Work order —
What you return should be only the lines in the entries below between the one holding "Solvie LED plafondlamp, wit, hoekig, 30" and the one holding "COFFEE PLANT - kawa", ends included, with every picture left out.

Information supplied —

────────────────────

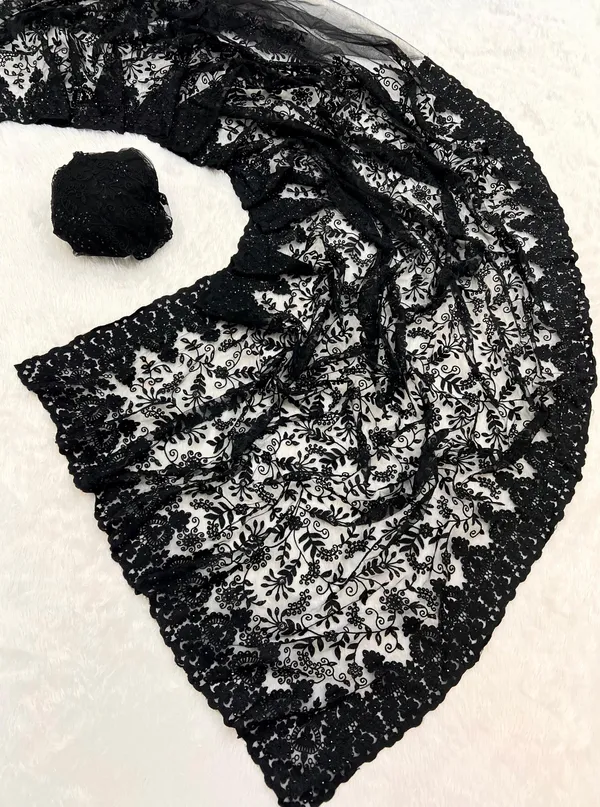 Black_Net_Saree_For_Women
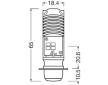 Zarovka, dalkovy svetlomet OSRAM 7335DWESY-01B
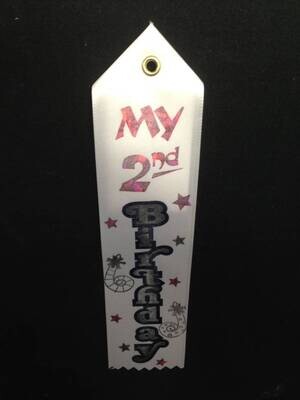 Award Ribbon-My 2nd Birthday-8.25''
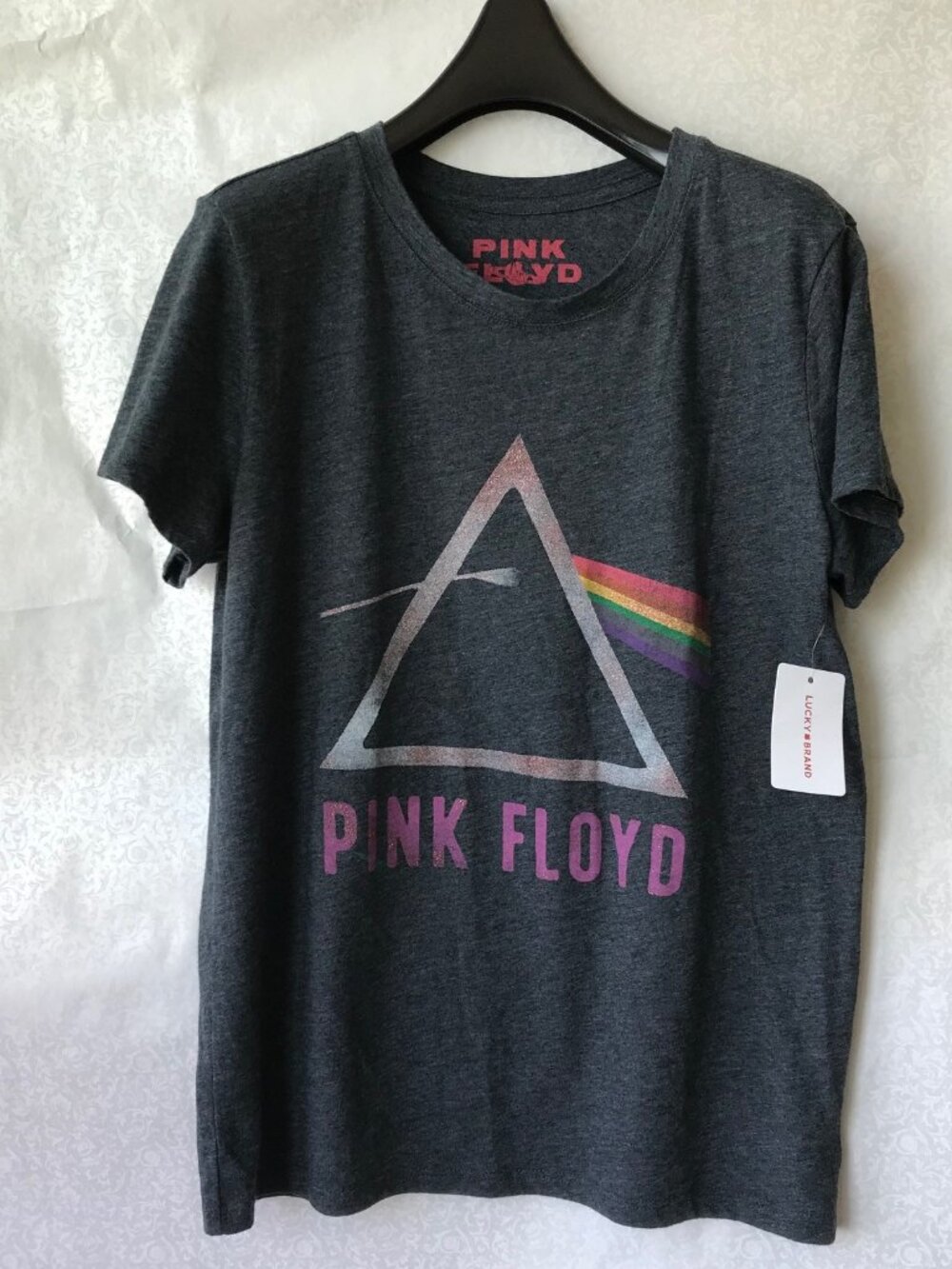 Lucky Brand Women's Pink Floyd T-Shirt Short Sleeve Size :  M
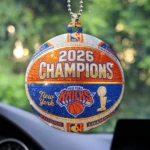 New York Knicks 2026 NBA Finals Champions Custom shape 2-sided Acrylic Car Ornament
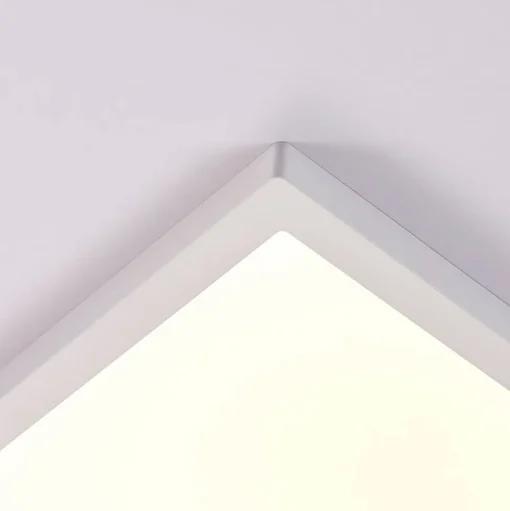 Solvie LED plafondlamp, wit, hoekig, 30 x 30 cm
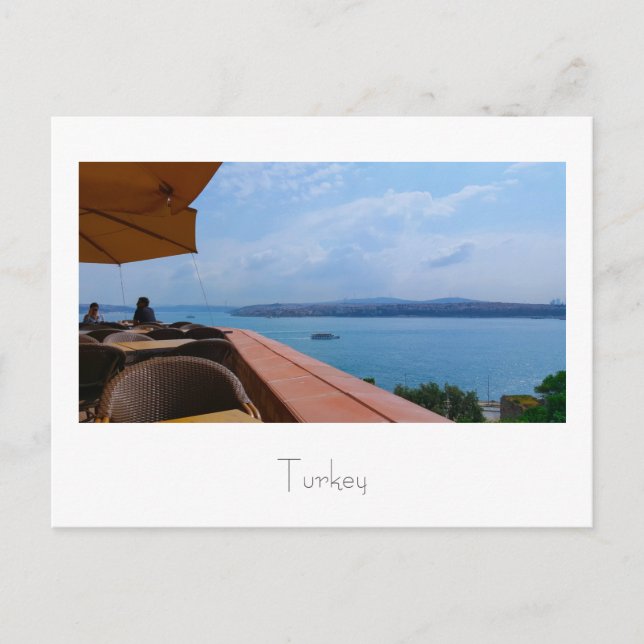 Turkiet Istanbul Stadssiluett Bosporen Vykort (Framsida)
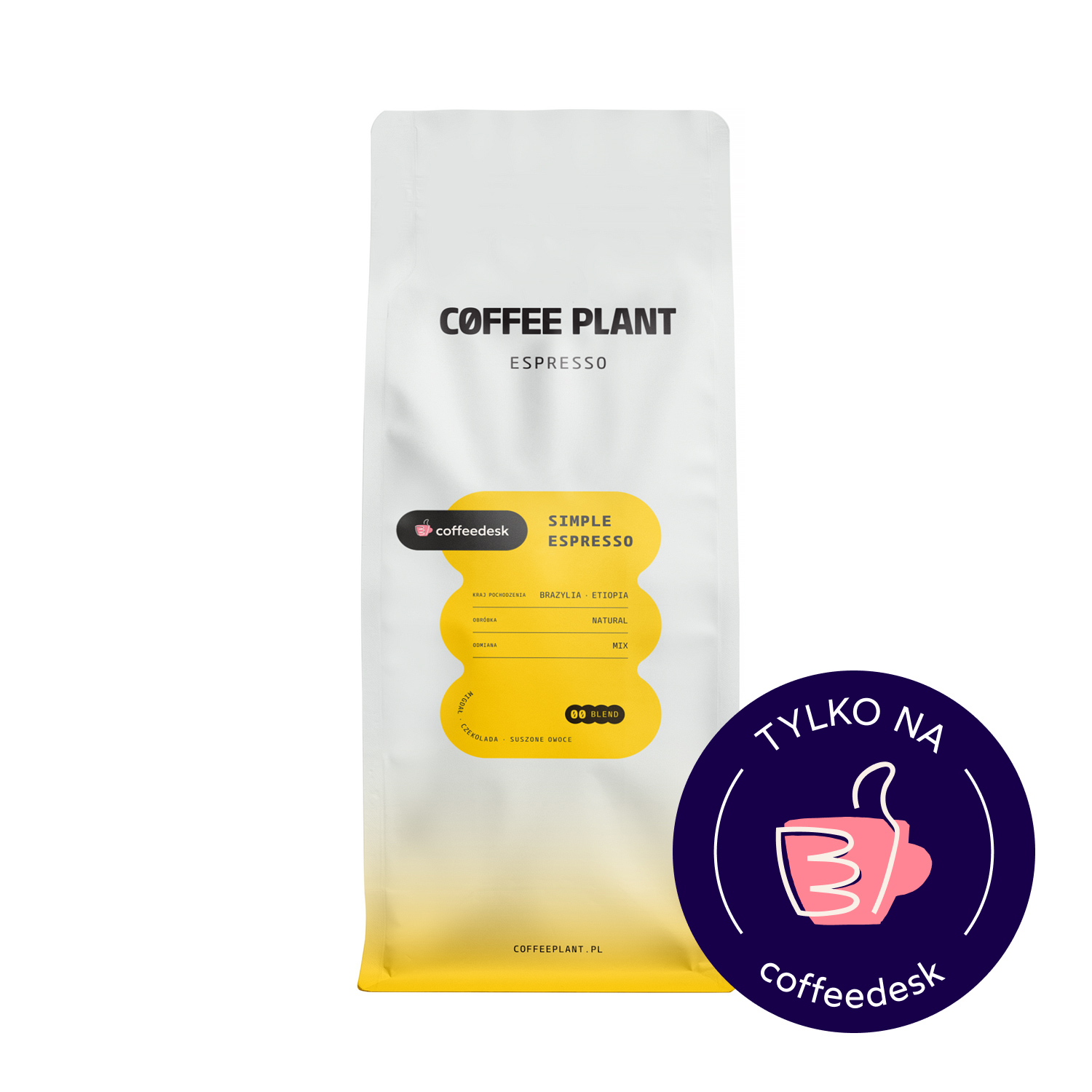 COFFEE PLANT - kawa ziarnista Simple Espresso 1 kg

────────────────────

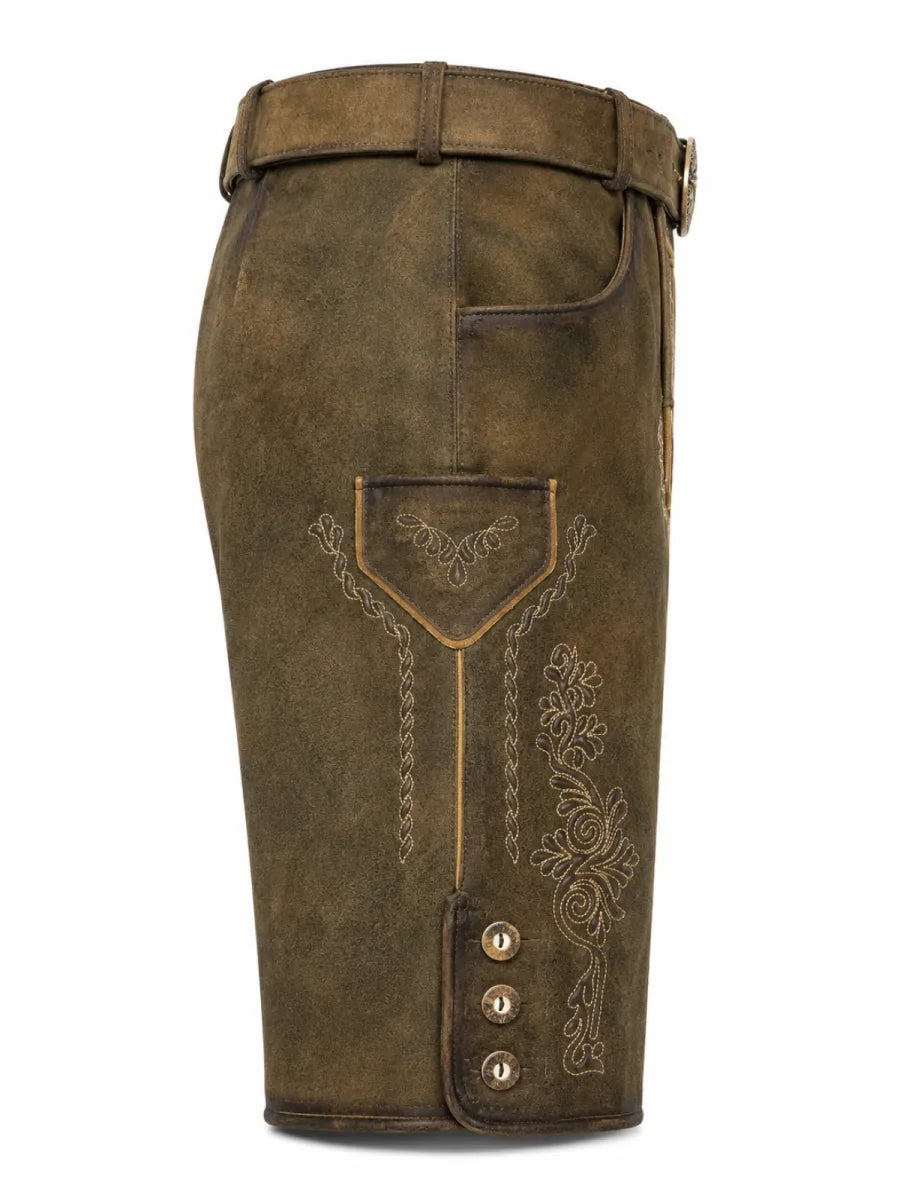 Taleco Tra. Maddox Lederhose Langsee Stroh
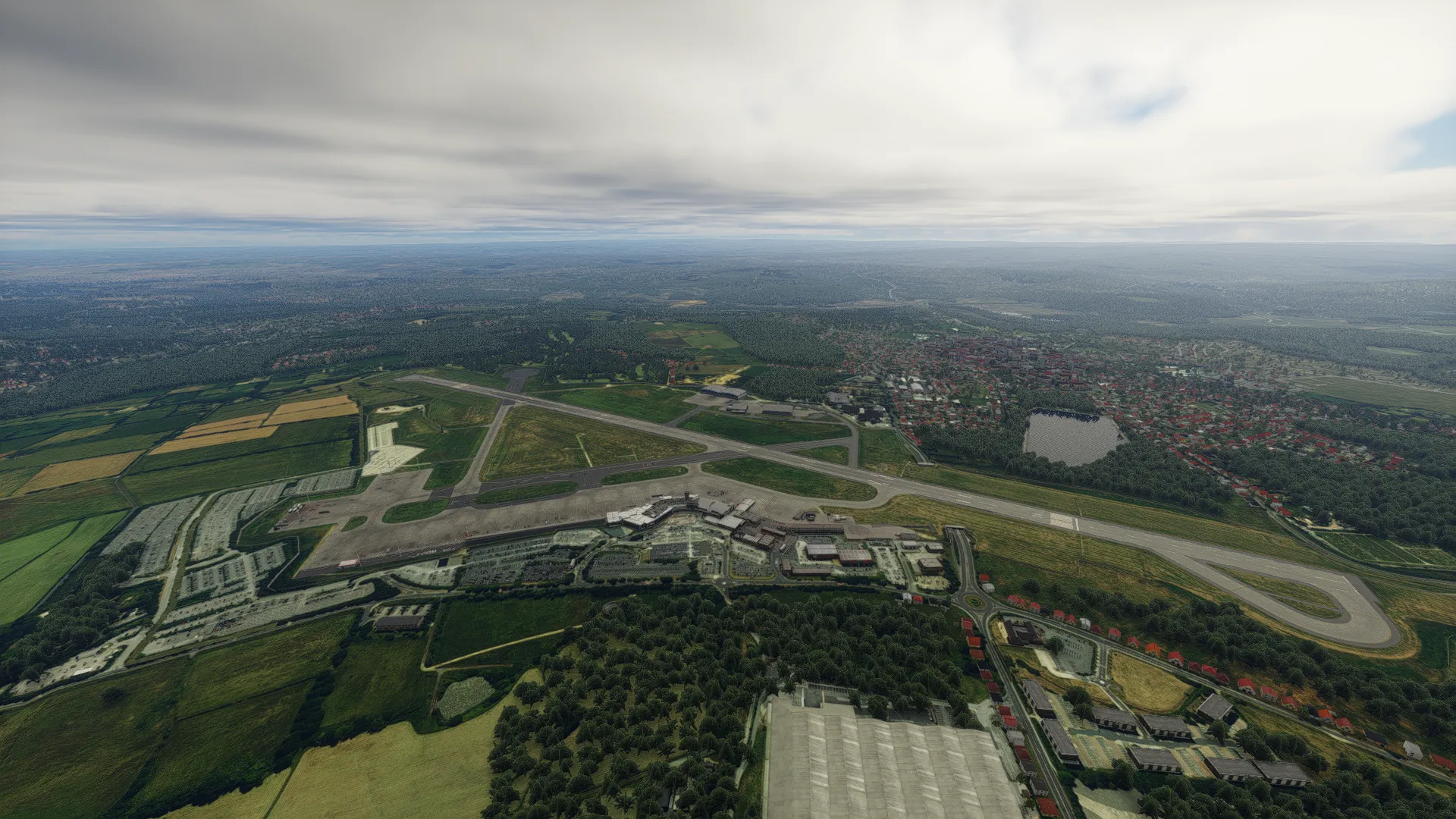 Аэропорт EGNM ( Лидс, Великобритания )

────────────────────

Exercise answer —
 Solvie LED plafondlamp, wit, hoekig, 30 x 30 cm
 Turkiet Istanbul Stadssiluett Bosporen Vykort (Framsida)
 COFFEE PLANT - kawa ziarnista Simple Espresso 1 kg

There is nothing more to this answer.